The symptoms are visually embarrassing and uncommonly painful
- The area is prone to itching
- Inflammatory conditions make the area raw and tender
- Reddish bumps appear carpet bombing swathes of skin
- Tips of follicles will be transparent exposing the hair curled tightly inside
- Whiteheads referred to as milia represent pus filled follicles that are fighting infection
- Shaving over inflamed areas only exacerbates pain and discomfort
- Because of dilation of blood vessel close to the uppermost layers, skin appears reddish in color
- Repeated exfoliation by shaving breaks pores leaving skin open to invasion by surface bacteria
There is no cure for ingrown hair but its growth can be checked
- After swabbing the area with disinfectant, use a sharp needle to pop the bump at its tip to drain away blood and pus cells. The exposed hair can then be removed using pointed tweezers.
- Shave gently leaving a tiny portion of the hair shaft emerging from the follicle as this prevents hair from curving inwards.
- Ready the skin for hair removal by steaming the area or having a hot shower. This leaves the skin moist and supple for shaving.
- Use moisturizers and cleansers (more natural and organic, the better) liberally and do not permit skin to dry up or become scaly.
- Use creams and lotions that contain salicylic acid. This has a deep cleansing effect and removes only the upper layers of dead cells allowing skin to rejuvenate.
Handling the worst-case ingrown hair scenarios
If the ingrowths recur frequently and remain chronic for longer periods, the best option would be enduring hair removal using electrolysis or laser therapy. In these techniques, tiny electrical impulses or beams of laser energy are directed at hair follicles to weaken and permanently damage them. The hair in the treated area fails to grow and you are rid of the menace of ingrown hairs at last for a six-month duration.
Home remedies for ingrown hair :
As mentioned earlier, there is no cure for ingrown hair. It is only possible to decrease the occurrence of ingrown hairs. The easiest way to do this is through proper hair and skin hygiene.
Hydrate and soften both the skin and the hair before shaving. This can result in a duller, rounded tip to the hair, which decreases the likelihood for the hair to reenter the skin.
Use a moistened washcloth, a wet sponge, or a soft-bristled toothbrush with a mild soap to wash the beard or hair for several minutes via a circular motion to help dislodge stubborn tips.

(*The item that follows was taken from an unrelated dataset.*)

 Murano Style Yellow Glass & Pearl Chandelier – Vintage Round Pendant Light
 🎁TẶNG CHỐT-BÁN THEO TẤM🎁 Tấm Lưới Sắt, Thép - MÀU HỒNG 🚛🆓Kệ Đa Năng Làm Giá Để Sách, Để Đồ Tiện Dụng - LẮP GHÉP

Some natural mild exfoliators, such as salt and sugar, can be applied to treat the redness or irritation that comes with the ingrown hair.
Do not shave against the direction or grain of the hair growth.
Get a pair of tweezers: Before shaving or waxing, you can take a pair of sterile tweezers and lift out the ingrown hair. Just pull out the hair and bring it to the surface. Nevertheless, if you have a sensitive skin, it might be best to stay away from this method.
Ingrown hair can cause a lot of distress to a person and seeking medical advice is of the essence. For this, a person should go to the doctor’s and get it treated as soon as possible so that the issue is curbed and dealt with.